The Attempt at a Solution



This is pretty straight forward. That's why I'm getting so frustrated. I just plug and play and I should get the right answer.

[tex]\frac{35degC}{213degC}*\frac{562L}{25.3L}*700torr=~2600torr or 3.421 atm[/tex]

The Celsius temperature scale is not a thermodynamic temperature scale, and so cannot be used here. Try converting your temperatures to the Kelvin scale.
 
Hey! Thank you for that. Worked perfectly. I assumed since it was a temperature divided by a temperature that the ratio would be the same for C or K. Obviously, I was wrong. I really appreciate your time alphysicist!

Edit: I'm not sure if I need to mark this as resolved or whatnot. If someone wants to tell me if there is another step I would appreciate it.
 
Last edited:
DDNow said:
Hey!

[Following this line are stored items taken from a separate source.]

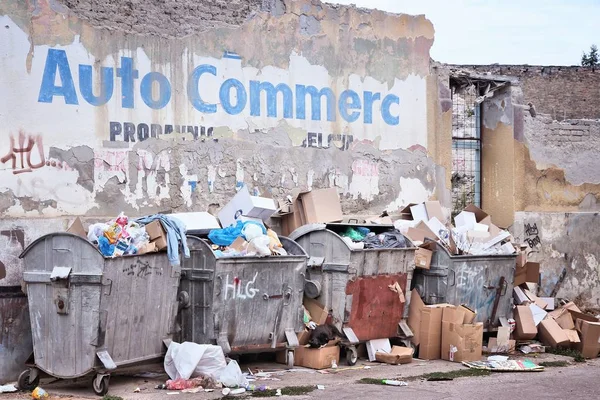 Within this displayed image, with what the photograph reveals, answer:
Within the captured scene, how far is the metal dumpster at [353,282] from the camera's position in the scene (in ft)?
33.7

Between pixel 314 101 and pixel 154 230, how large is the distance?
A: 421cm

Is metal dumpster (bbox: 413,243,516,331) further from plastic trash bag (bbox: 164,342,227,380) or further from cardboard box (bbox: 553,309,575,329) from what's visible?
plastic trash bag (bbox: 164,342,227,380)

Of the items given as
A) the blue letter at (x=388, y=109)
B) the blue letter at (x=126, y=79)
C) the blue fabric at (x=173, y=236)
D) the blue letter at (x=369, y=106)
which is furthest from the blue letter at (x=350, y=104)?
the blue fabric at (x=173, y=236)

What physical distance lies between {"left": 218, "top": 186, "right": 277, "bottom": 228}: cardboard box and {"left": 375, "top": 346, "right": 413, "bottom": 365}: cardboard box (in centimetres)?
203

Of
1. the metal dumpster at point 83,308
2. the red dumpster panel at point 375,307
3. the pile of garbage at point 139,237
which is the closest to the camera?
the metal dumpster at point 83,308

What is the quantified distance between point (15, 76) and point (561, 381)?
21.0 feet

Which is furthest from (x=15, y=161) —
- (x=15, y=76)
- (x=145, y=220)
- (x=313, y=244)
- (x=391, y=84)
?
(x=391, y=84)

Thank you for that. Worked perfectly. I assumed since it was a temperature divided by a temperature that the ratio would be the same for C or K. Obviously, I was wrong. I really appreciate your time alphysicist!

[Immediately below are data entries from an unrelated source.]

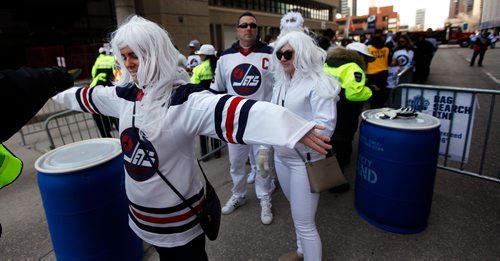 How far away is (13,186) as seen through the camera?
175 inches

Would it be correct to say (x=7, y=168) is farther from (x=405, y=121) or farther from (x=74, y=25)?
(x=74, y=25)

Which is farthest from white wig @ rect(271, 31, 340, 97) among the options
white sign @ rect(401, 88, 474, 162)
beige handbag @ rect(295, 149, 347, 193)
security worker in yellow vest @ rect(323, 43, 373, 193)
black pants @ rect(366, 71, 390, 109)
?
black pants @ rect(366, 71, 390, 109)

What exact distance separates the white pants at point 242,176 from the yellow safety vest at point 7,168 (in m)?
1.99

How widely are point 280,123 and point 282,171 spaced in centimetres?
118

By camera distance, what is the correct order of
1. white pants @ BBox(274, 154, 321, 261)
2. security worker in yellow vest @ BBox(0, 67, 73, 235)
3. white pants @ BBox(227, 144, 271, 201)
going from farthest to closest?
white pants @ BBox(227, 144, 271, 201) → white pants @ BBox(274, 154, 321, 261) → security worker in yellow vest @ BBox(0, 67, 73, 235)

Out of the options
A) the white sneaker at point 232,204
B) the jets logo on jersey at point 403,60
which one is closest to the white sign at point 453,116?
the white sneaker at point 232,204

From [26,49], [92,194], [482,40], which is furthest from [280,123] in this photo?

Edit: I'm not sure if I need to mark this as resolved or whatnot. If someone wants to tell me if there is another step I would appreciate it.

Sure, glad to help! As far as C or K, temperature differences are the same for both scales, but as you found the ratios are different.

There used to be a way to mark the threads as solved, but I don't believe that function is available right now.